A group of Illinois State students received hands-on training in archaeology while uncovering the history of an ancient Native American village this summer in a cornfield just south of Bloomington.
Dr. Logan Miller, associate professor of anthropology, has led the Department of Sociology and Anthropology’s annual field school at the Noble-Wieting archaeological site near Heyworth since 2017. This year, 10 undergraduate and graduate students joined him over the course of four weeks from mid-May to mid-June to investigate the remains of one of the village’s buildings.
The group dug about a foot into the farm field to reveal the foundation of a home where a magnetic field map had indicated the likely location of a burnt structure. Miller said the wood house was intentionally destroyed by the Indigenous residents in possibly a ceremonial act when they abandoned the village, not as the result of an invasion or other violence.
Each year Miller and his students have been using archaeological methods to gain a better understanding of why a multicultural group of Indigenous people from several different regions chose this location bordering the Kickapoo Creek to call home for several decades around A.D. 1300. Most of the other larger contemporary villages in the region have been found on the Illinois and Mississippi Rivers.
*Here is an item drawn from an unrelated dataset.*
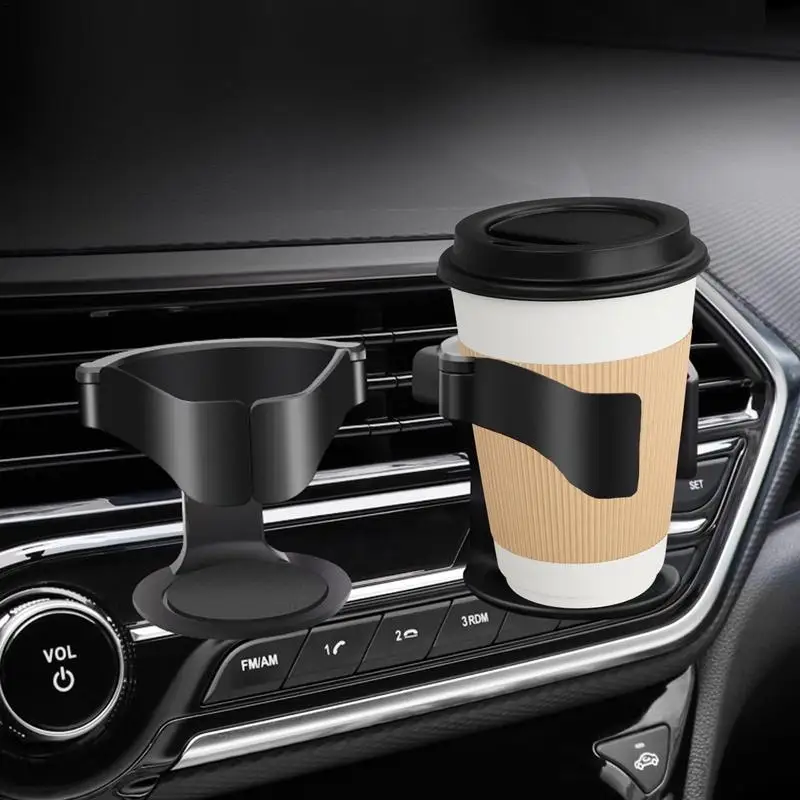 Car Drink Cup Holder Auto Air Vent Adjustable Drink Cup Holder Large Load Bearing Vehicle Storage Tool For Mini Cars RVs SUVs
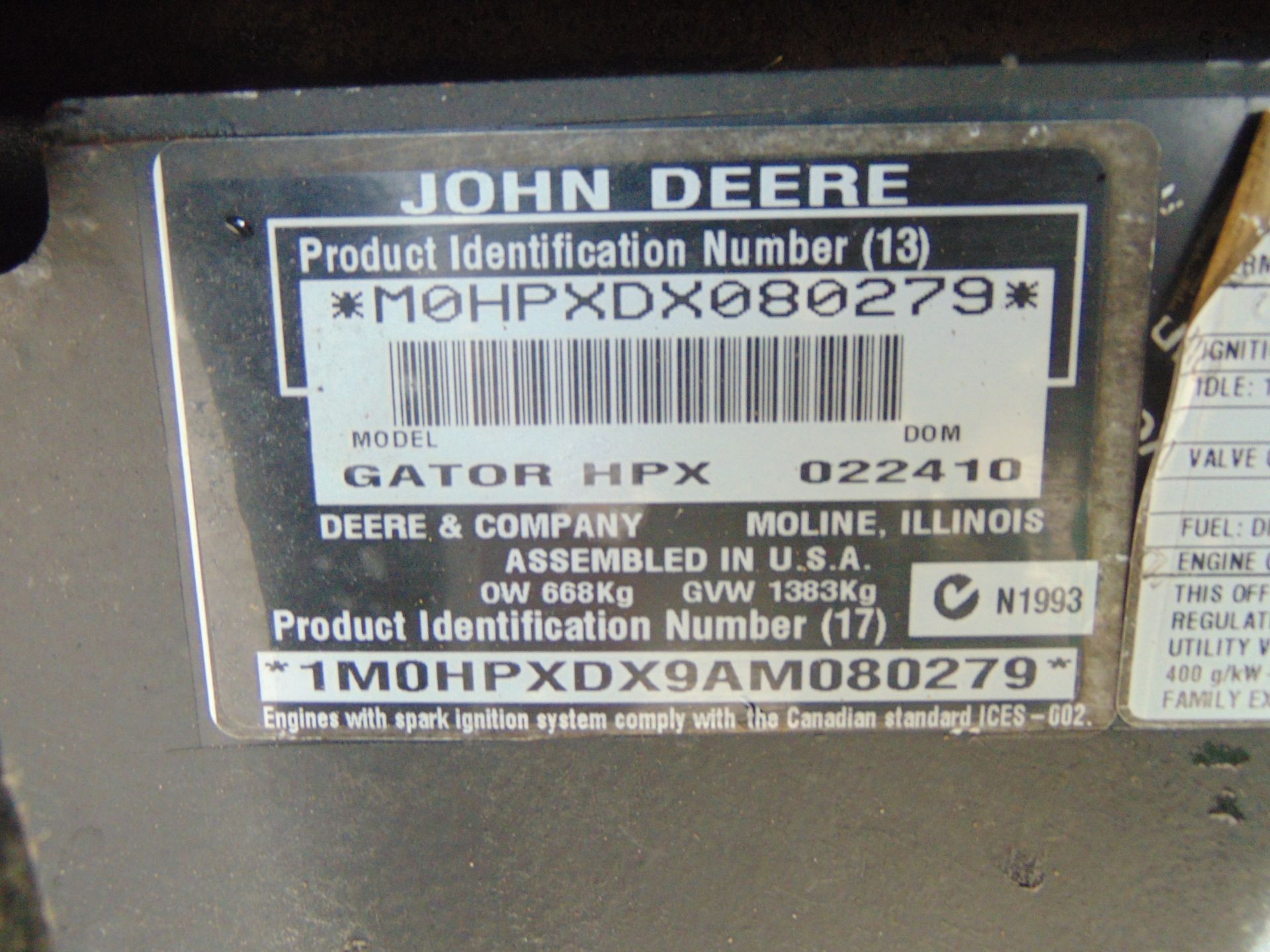 John Deere Gator HPX 4WD Utility ATV Only 1,817 Hours! - Image 24 of 24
The researchers are also trying to figure out what life was like in the village, how many people lived here, and why they left. The site comprises roughly 40 buildings encircling a burial mound, and the archaeological evidence suggests the residents relied on a mix of hunting and farming to survive.
Archaeological work can be tedious. The students spent their days digging into the hard clay and ash and then carefully sifting through buckets of dirt searching for artifacts. Their more noteworthy discoveries were an elk antler (elk roamed Illinois before American settlers wiped them out in the 1800s), arrowheads and other stone tools, and a charred corncob. “We have the oldest beans and the oldest corn in McLean County, which is fun because they still grow corn and beans in these very same fields,” Miller said.
The students carefully noted where the items were recovered and then washed and sorted the materials in the lab. They planned to send samples of the recovered artifacts for radiocarbon dating.
“What I love the most is that you’re literally touching history,” said Georgana DuCharm, a senior anthropology major. “You’re touching something that someone else created 800, 700 years ago. … That’s what makes archaeology so cool to me.”